======== Provided records

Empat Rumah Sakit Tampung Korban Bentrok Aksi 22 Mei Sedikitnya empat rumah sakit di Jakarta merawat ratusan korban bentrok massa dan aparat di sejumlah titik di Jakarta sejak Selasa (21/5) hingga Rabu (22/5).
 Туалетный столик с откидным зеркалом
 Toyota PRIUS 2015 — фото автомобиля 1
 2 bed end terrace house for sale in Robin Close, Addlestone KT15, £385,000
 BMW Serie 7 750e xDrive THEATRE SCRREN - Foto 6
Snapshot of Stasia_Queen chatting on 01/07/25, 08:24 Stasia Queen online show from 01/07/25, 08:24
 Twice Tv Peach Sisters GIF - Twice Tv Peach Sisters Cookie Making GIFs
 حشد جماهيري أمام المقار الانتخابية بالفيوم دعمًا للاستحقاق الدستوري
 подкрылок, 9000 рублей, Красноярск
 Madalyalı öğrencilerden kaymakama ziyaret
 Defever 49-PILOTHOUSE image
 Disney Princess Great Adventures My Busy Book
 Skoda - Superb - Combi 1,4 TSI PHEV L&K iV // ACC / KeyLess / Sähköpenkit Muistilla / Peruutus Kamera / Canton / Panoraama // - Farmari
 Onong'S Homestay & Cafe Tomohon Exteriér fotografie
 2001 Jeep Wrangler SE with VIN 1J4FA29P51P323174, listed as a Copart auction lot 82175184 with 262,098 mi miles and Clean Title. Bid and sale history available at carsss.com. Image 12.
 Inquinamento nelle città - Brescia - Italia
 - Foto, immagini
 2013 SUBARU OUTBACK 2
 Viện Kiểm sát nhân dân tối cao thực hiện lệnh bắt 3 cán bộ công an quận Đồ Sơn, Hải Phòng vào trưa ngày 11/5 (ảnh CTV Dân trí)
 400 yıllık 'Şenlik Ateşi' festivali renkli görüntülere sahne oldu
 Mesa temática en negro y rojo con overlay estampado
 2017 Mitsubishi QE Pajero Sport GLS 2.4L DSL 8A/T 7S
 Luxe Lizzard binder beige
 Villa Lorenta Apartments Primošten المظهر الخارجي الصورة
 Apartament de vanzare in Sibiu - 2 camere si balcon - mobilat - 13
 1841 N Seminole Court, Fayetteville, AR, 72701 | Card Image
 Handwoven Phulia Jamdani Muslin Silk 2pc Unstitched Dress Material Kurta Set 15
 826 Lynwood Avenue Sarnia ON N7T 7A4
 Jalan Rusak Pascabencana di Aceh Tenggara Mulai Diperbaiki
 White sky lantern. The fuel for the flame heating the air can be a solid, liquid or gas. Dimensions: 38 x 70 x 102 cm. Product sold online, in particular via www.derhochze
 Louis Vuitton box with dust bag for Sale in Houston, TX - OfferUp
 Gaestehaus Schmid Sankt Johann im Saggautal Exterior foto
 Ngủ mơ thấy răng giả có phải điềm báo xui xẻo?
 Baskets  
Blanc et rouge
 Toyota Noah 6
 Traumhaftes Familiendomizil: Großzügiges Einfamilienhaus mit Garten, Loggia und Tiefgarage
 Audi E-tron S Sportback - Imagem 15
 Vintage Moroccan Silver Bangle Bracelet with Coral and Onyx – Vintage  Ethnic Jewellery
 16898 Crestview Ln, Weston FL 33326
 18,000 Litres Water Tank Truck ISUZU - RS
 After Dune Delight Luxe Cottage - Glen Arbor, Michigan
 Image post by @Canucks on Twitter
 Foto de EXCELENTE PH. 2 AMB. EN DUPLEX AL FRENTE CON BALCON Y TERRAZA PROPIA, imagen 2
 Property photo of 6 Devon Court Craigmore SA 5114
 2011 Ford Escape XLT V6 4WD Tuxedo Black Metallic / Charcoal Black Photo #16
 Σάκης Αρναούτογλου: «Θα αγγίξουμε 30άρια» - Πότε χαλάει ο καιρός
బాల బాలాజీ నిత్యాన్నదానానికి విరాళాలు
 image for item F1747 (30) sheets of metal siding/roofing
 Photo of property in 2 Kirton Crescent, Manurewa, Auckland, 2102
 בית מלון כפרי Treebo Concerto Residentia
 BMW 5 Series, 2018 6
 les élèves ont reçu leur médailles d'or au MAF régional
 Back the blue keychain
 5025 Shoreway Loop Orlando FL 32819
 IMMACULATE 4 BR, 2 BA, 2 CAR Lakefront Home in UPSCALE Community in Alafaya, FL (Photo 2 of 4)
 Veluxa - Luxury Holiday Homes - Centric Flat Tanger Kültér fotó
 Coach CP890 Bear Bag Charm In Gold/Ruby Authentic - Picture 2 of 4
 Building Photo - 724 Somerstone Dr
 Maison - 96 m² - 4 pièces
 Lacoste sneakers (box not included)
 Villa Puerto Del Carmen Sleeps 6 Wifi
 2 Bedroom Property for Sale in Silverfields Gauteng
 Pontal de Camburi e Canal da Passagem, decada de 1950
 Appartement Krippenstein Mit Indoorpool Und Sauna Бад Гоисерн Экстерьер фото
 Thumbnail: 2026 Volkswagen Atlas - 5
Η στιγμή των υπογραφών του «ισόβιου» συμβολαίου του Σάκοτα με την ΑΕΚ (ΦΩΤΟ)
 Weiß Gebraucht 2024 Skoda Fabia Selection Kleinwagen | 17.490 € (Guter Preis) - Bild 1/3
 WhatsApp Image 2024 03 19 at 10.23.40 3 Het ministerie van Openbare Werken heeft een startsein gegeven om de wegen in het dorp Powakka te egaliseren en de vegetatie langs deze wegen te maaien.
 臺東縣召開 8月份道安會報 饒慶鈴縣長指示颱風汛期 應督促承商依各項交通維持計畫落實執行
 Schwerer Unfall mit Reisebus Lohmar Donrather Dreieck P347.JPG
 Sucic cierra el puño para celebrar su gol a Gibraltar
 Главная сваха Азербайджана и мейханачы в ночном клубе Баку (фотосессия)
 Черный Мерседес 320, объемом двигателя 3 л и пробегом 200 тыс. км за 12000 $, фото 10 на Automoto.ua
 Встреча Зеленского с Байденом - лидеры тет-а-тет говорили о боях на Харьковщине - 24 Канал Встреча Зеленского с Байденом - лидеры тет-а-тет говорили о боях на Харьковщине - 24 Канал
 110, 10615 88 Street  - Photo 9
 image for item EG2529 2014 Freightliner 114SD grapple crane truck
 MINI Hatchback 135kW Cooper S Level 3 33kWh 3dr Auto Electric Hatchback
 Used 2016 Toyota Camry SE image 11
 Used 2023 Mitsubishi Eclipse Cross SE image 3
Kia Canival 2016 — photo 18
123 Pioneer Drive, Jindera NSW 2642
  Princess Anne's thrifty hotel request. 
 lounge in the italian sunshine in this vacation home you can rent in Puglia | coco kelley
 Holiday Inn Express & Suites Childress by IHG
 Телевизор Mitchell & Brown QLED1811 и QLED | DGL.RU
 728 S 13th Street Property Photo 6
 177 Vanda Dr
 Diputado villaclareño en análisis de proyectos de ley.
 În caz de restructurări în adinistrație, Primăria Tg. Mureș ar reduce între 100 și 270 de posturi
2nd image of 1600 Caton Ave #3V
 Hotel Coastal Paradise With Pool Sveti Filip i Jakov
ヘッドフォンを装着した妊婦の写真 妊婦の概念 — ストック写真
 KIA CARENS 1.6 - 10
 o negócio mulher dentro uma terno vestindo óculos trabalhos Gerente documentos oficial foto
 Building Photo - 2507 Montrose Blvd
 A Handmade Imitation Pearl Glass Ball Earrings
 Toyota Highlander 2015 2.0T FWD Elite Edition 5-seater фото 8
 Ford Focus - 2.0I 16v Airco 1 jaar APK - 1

================

• Task description: Each line of the listing that includes the word "Used" should be copied out.

• Output:
 Used 2016 Toyota Camry SE image 11
 Used 2023 Mitsubishi Eclipse Cross SE image 3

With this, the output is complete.